Les rides, les cheveux blancs, les tâches brunes… de très nombreuses femmes éprouvent de vives craintes face aux années qui passent. Mais elles auraient tout intérêt à faire abstraction de ces peurs nourries par les normes sur la beauté et la jeunesse véhiculées par la société.
En effet, une nouvelle étude de l'université de New York, publiée dans la revue Psychoneuroendocrinology, montre que l’anxiété liée au vieillissement accélère le vieillissement cellulaire chez les femmes.
L’anxiété liée au vieillissement accélère le vieillissement cellulaire
Pour mieux comprendre le poids de l'anxiété liée au vieillissement sur le vieillissement lui-même, les chercheurs ont analysé les dossiers de 726 femmes. Il leur a été demandé dans quelle mesure elles s'inquiétaient de devenir moins attirantes avec l'âge, d'avoir davantage de problèmes de santé et d'être trop âgées pour avoir des enfants. Des échantillons de sang ont été également prélevés afin de mesurer leur rythme du vieillissement biologique (DunedinPACE) et les dommages biologiques présents (GrimAge2).

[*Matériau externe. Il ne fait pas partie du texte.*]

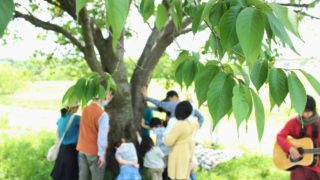 森から生き方を学ぶ①植物編〜今、起こっている事が本当。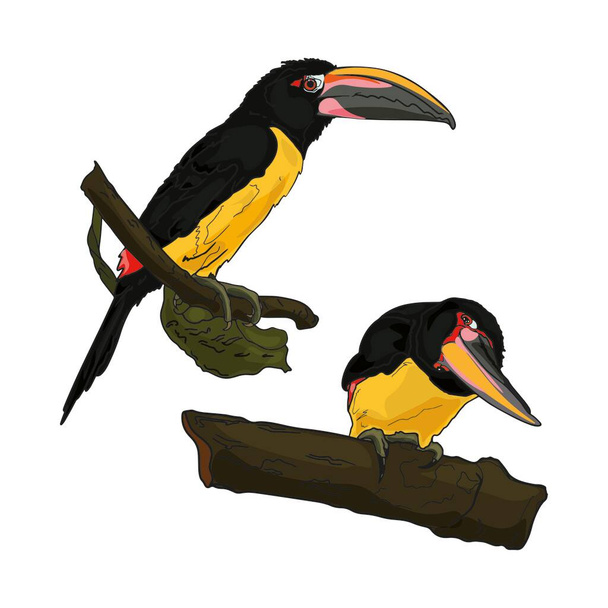 Vector illustration of exotic birds. Toucan as a designer's blank, emblem, print - Vektor, Bild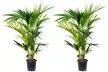 1x oder 2x luftreinigende Kentia-Palme (Howea Forsteriana) - Second Medium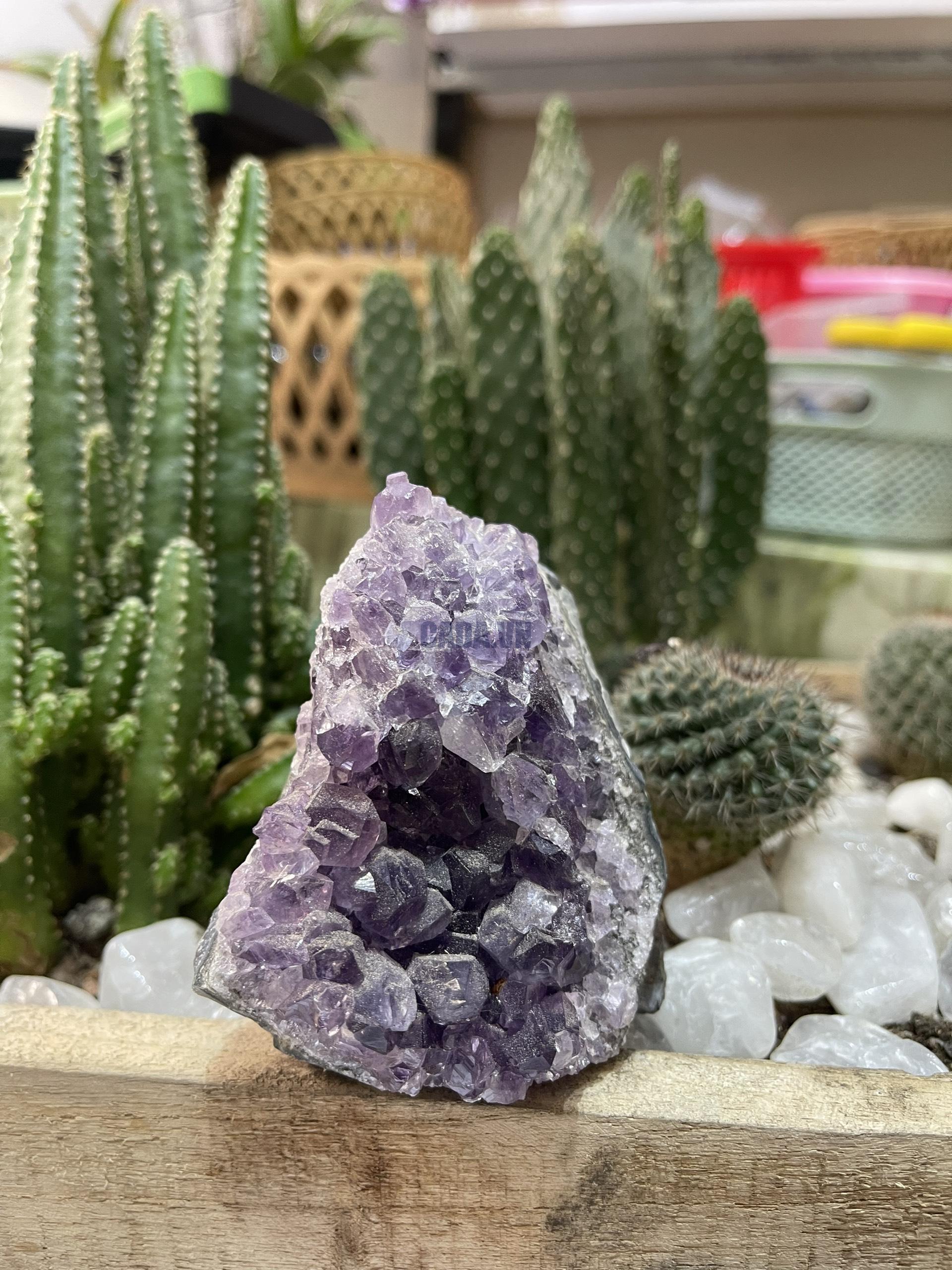 HỐC THẠCH ANH TÍM NHỎ - SMALL AMETHYST GEODE (TV129)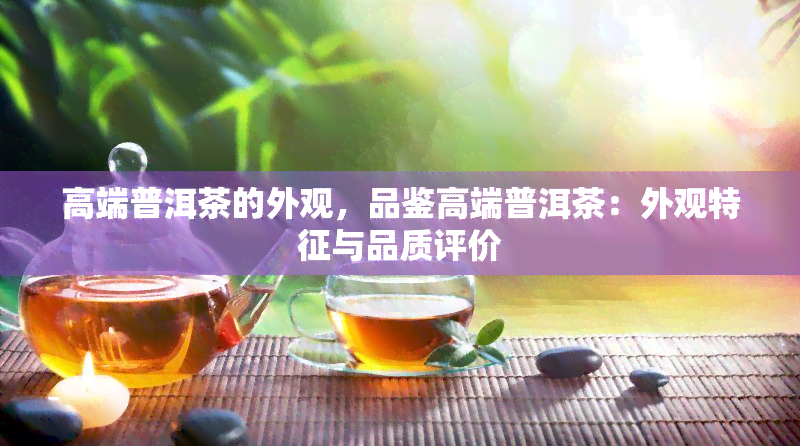 高端普洱茶的外观，品鉴高端普洱茶：外观特征与品质评价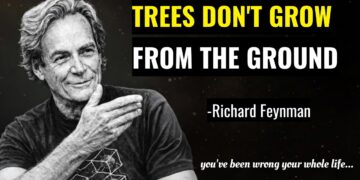 Trees DO NOT Grow From The Ground (It’s not what you think) |  Feynman’s Explains why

Résultats : les femmes qui affichaient une grande anxiété face au temps qui passe, présentaient un vieillissement épigénétique accéléré. "Ces modifications biologiques pourraient contribuer au déclin physique et à une vulnérabilité accrue aux maladies liées à l'âge", précisent les auteurs dans un communiqué.
L'inquiétude liée au déclin de la santé était aussi fortement associée à un vieillissement accéléré. Par contre, il n’y avait pas d’association avec les craintes entourant le fait d’être moins attirante et la baisse de fertilité. "Cela pourrait s'expliquer par le fait que les préoccupations liées à la santé sont plus fréquentes et persistent dans le temps, tandis que les inquiétudes concernant la beauté et la santé reproductive peuvent s'atténuer avec l'âge", ajoutent les chercheurs.

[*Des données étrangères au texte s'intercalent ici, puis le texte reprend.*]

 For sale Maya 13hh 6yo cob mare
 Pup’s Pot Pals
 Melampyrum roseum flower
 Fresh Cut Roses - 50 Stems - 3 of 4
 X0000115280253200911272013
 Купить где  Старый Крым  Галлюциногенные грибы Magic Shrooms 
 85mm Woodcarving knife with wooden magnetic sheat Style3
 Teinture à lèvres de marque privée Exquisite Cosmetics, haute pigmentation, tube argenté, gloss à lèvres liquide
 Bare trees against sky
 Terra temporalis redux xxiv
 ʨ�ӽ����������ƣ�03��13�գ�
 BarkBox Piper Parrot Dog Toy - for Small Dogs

Mieux prendre en compte l’anxiété liée au vieillissement
Avec leurs travaux, les chercheurs concluent que l’anxiété liée au vieillissement – en particulier la crainte d’une dégradation de la santé – peut se manifester au niveau cellulaire et contribuer à un vieillissement accéléré chez les femmes.

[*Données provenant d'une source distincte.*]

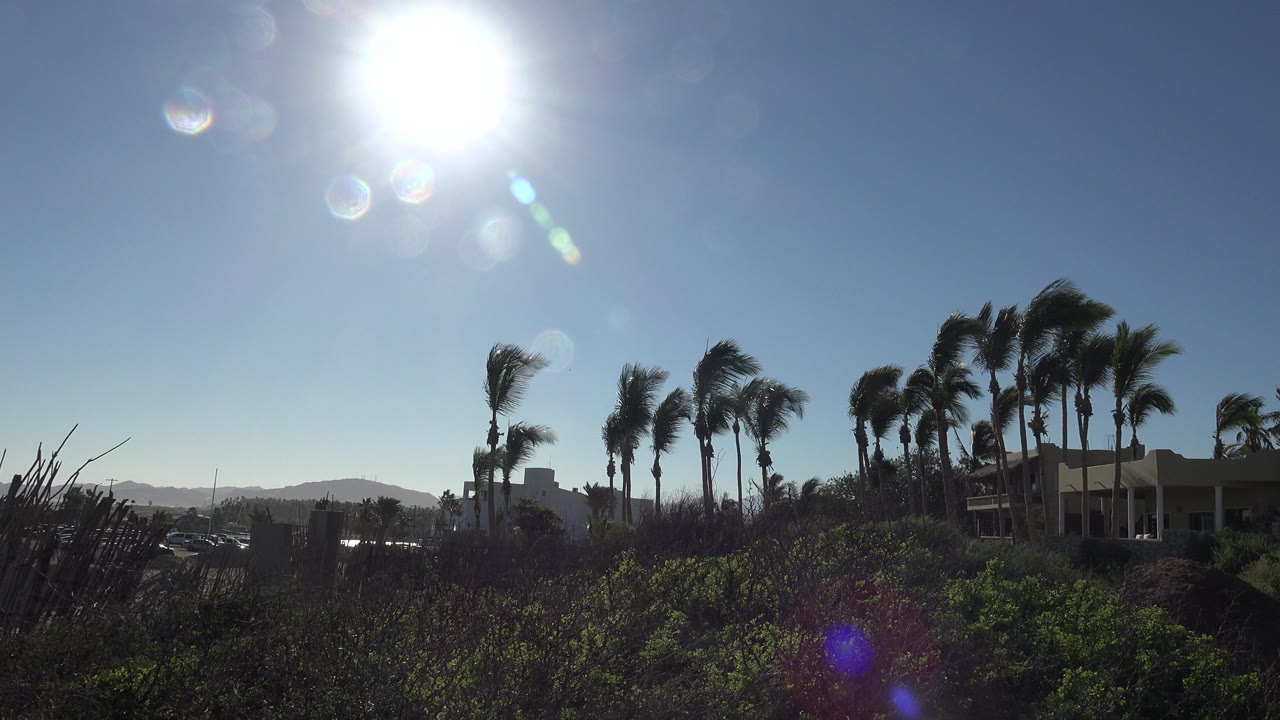 At 0:00, the Grand Junction, Colorado frame shows hard sun glare above wind-bent palm trees, dark foreground shrubs, low buildings, distant mountains, and no visible people.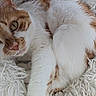 Cookie participe au concours pour gagner de l'argent avec cette photo : cat, orange_and_white, tabby, pet, animal, face, eyes, whiskers, nose, fur, lying_down, relaxed, cozy, blanket, fluffy, indoors, close_up, portrait, calm, home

"Nos recherches suggèrent que les expériences subjectives peuvent influencer les mesures objectives du vieillissement", explique Mariana Rodrigues, première auteure de l’étude. "L’anxiété liée au vieillissement n’est pas qu’un simple problème psychologique : elle peut laisser des traces sur le corps et avoir de réelles conséquences sur la santé." Ainsi, les auteurs appellent à mieux prendre en compte le lien entre la santé mentale et la santé physique afin d’aider les femmes à vieillir en bonne santé. Ils prévoient également de poursuivre leurs recherches pour clarifier comment ces craintes influencent le vieillissement au fil du temps.
"Le vieillissement est une expérience universelle", ajoute l’experte. "Nous devons entamer un dialogue sur la manière dont, en tant que société, nous pouvons relever les défis du vieillissement, à travers nos normes, nos facteurs structurels et nos relations interpersonnelles."